There's a lot of skepticism out there. It's longstanding. What's different now, I think, speaks to a number of comments that have been made different in terms of public attitudes. For a very long time, the American public has been skeptical of the news process, the way the news is collected, the way it's reported, but while they're skeptical of the process, they liked the product.
What they don't like now is the product. And more and more people are doubting the values of journalists. Fewer Americans are thinking they're professional. Fewer Americans are saying they're moral. Fewer Americans are saying they care about what they're doing. That's a real big problem.
TERENCE SMITH: Well, Ken Auletta, that sounds like a bit of a blanket indictment. Is there anything news organizations can or are doing about it?
KEN AULETTA: Well, I think one of the things news organizations have to do is be more transparent. I think they have to open themselves up, as CBS failed to do, as they acknowledged they failed to do this in this report. They should have earlier acknowledged that they... that maybe a mistake was made; they're going to investigate it themselves; and the New York Times did it; they investigated themselves.
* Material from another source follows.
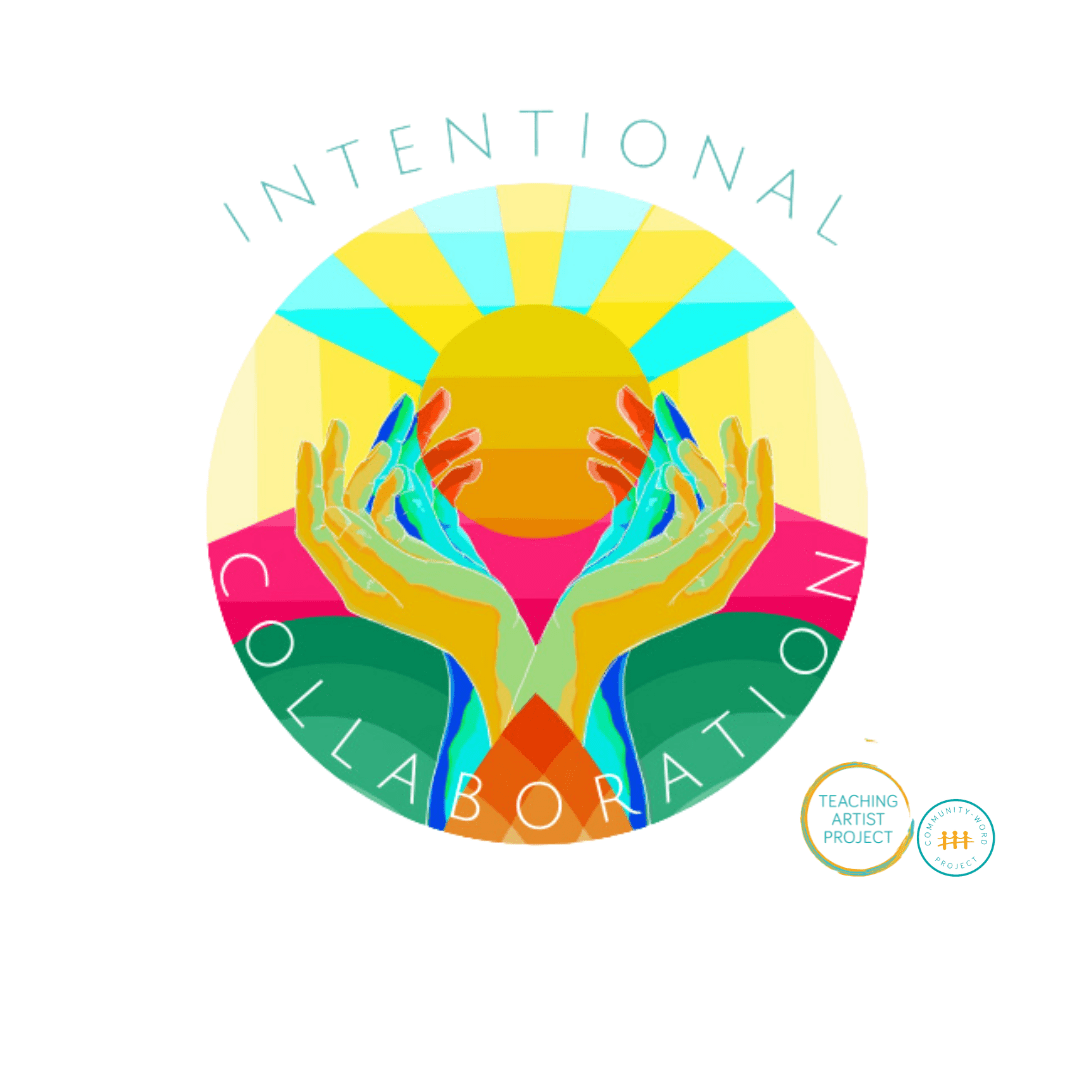 Graphic design of hands uplifted toward the sun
But I think if we give speeches, we ought to be willing to say who we speak to, how much money do we make on that? This is not to say the public is sainted and the public is always right, because the public is not. And they could be wrong about journalism. But we have to be as transparent as we ask Enron and all these companies to be, and we're not nearly as much as we should be. We have to open up our procedures.
We have to as the press has begun to do much more credibly, if someone doesn't want to be identified in a story, doesn't want to have a quote attributed to them, try and give the reason to your reader or viewer why they don't want to be quoted by name. They may have a good reason and you may need the information, but try... I think transparency is a very important thing. And part of being transparent is to be a little more humble. We're in the business of asking questions and listening, not making speeches.
TERENCE SMITH: Humility, Nancy Maynard, is that a missing and important ingredient?
NANCY MAYNARD: Well, I don't know very many journalists who are humble. But many and most try to do a very good job. I'm not sure it's so much humility. I think it's tonal, and I think that it is demographic in most cases. If you look at the ages, the people who run news organizations now, they're early boomers and those who are a little older.
We have always been considered self-indulgent by other age cohorts. And the product that we're putting out there is considered self-indulgent. It reflects our views of life and not as much the views of the country as a whole, as I think it was Michael who was saying, we just don't get out and do as much reporting as we used to.
The world is a big place; it's a more complicated place. But certainly there is a mismatch between many of the values of the journalists and those who are consumers of the product. And it's not necessarily political. It's not necessarily about faith. It's just about life as we see it given where we are and how we've grown up.
TERENCE SMITH: All right. Sounds like there's a lot to repair there. I want to thank all four of you very much.